Supplementary Figure 7 LPS treatment restores lysozyme protein expression in Paneth cells in GF mice.

(a) Confocal images of lysozyme and procryptdin in cultured crypt organoids from GF mice treated with LPS (2 μg/ml), iE-DAP (10 μg/ml), flagellin (10 μg/ml), Pam3CSK4 (2 μg/ml) or dA:dT (10 μg/ml) or mock-treated for 24 h.

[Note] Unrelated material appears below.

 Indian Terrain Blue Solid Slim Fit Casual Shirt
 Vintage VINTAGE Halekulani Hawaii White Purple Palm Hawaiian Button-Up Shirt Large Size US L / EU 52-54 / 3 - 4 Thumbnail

Boxed areas are shown at higher magnification in the panels below. Scale bars, 10 μm. (b) Confocal images of lysozyme and procryptdin in crypts from GF mice receiving LPS at a dose of 500 μg per mouse or PBS (mock) by oral gavage. Scale bars, 10 μm. (c) Percentage of Lyz+ DCVs as shown in b. DCVs from 30 Paneth cells per mouse were quantified for two mice for each treatment condition. Data are expressed as the average + s.e.m. *P < 0.01, Student’s t-test. (d) Confocal images of lysozyme and procryptdin in ileal crypts from wild-type and Tlr4−/− mice. Blue, counterstained nuclei. Scale bars, 10 μm. (eg) Confocal images of indicated proteins in ileal crypts from mock- or LPS-treated GF mice as treated in b. Blue, counterstained nuclei. Scale bars, 10 μm. Data are representatives of three (a) or two (b,dg) independent experiments.

Supplementary Figure 8 A schematic working model for bacterially directed lysozyme sorting by sequential recruitment of Nod2, LRRK2 and Rab2a to the DCV surface.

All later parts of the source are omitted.